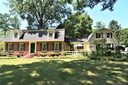 1581 Granville Road sold home in Rock Hill, SC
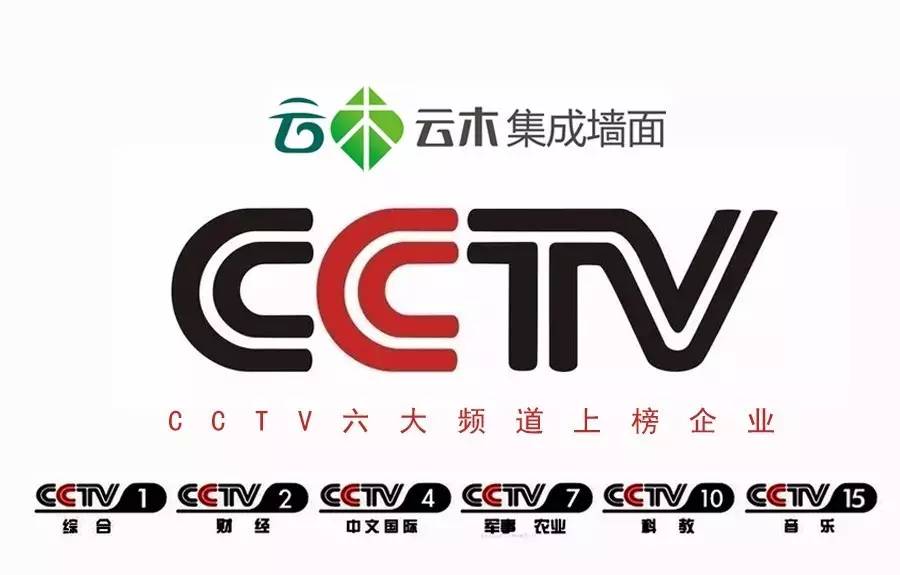 中央電視臺6頻道觀看指南,在線觀看電影與電視劇的必備指南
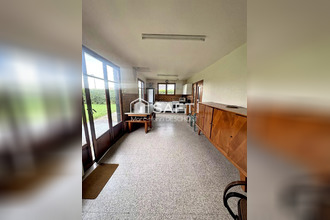  maison camiers 62176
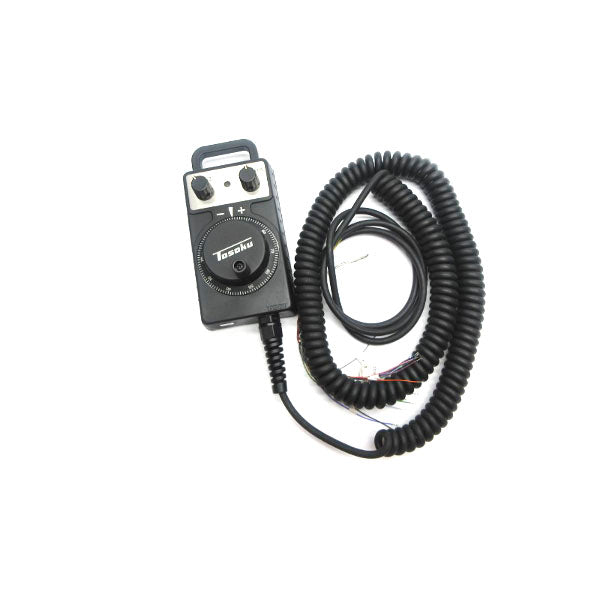 TOSOKU HC115 NSNP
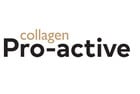 Collagen Pro-Active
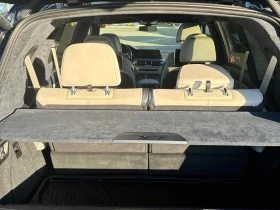 BMW X7 * xDrive40i * CARFAX * БЕЗ ПЪРВОНАЧАЛНА ВНОСКА - 79900 лв. / 40852.22 € - 15243611 13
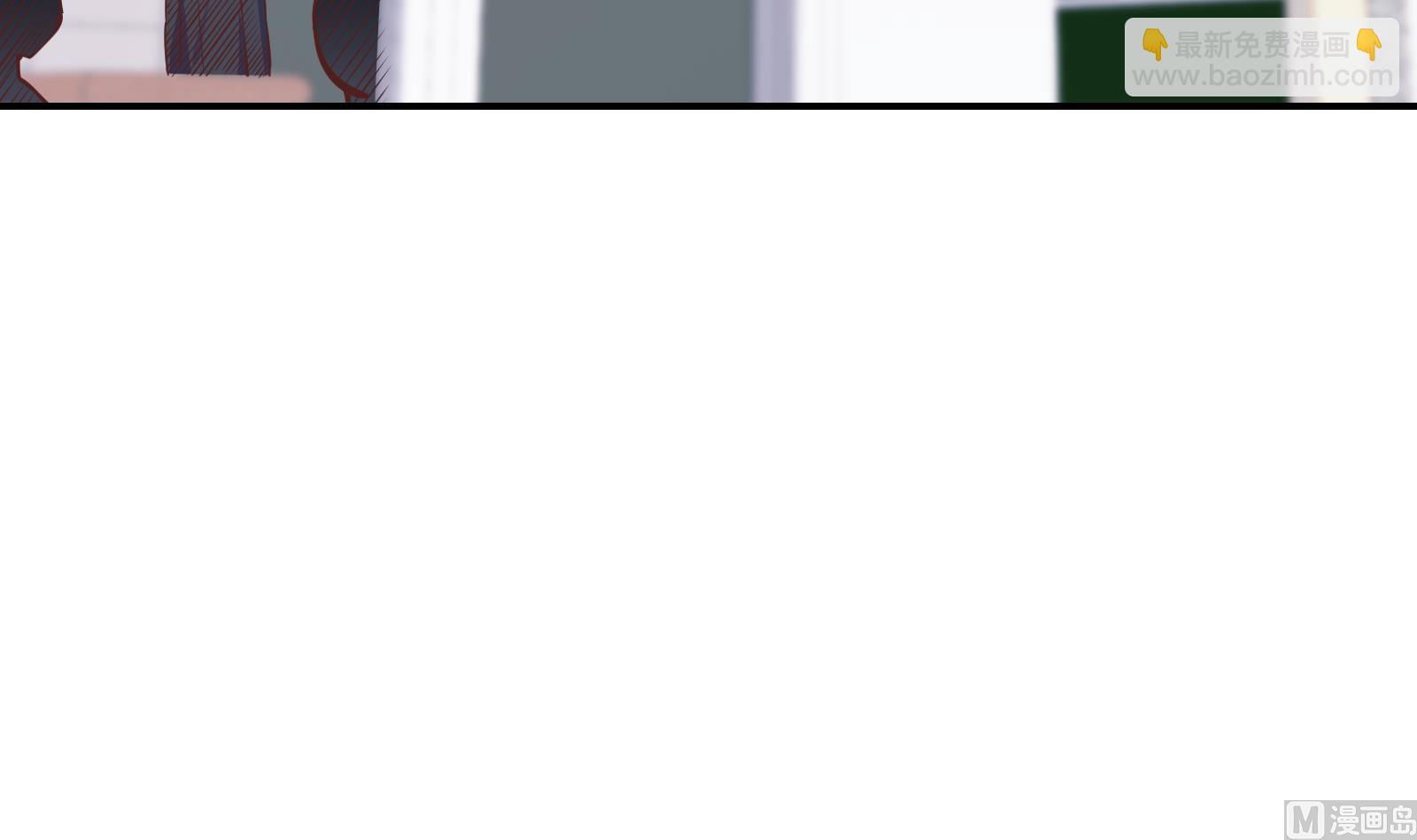 第295话 我早看穿了38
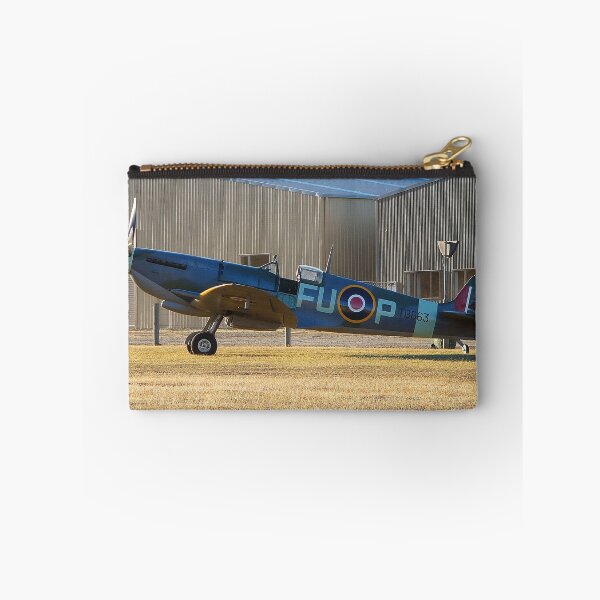Item preview, A Classic Aircraft designed and sold by stevealder.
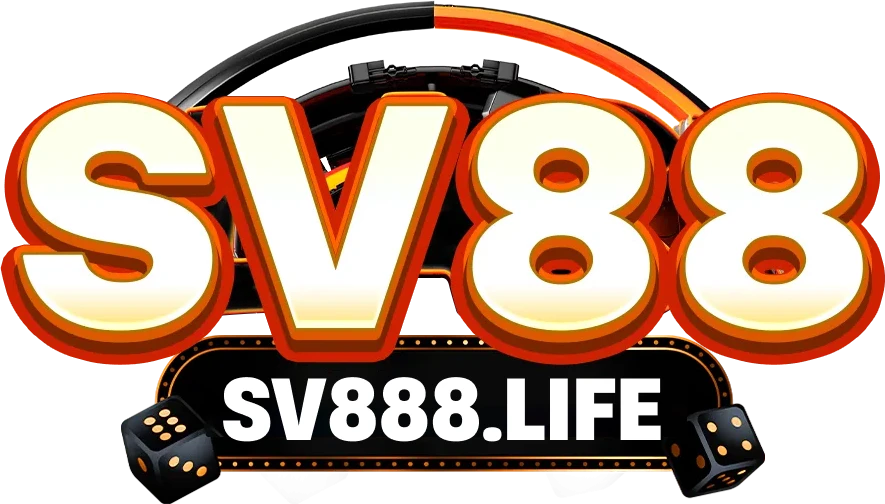 sv888life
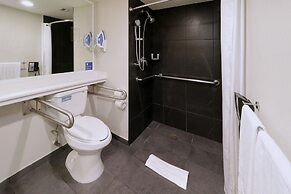 City Express by Marriott Piedras Negras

* * * * * * *

Work task →
Output the entries exactly and keep every picture out of them.

Exercise output →
 1581 Granville Road sold home in Rock Hill, SC
 中央電視臺6頻道觀看指南,在線觀看電影與電視劇的必備指南
  maison camiers 62176
 TOSOKU HC115 NSNP
 Collagen Pro-Active
 BMW X7 * xDrive40i * CARFAX * БЕЗ ПЪРВОНАЧАЛНА ВНОСКА - 79900 лв. / 40852.22 € - 15243611 13
 第295话 我早看穿了38
Item preview, A Classic Aircraft designed and sold by stevealder.
 sv888life
 City Express by Marriott Piedras Negras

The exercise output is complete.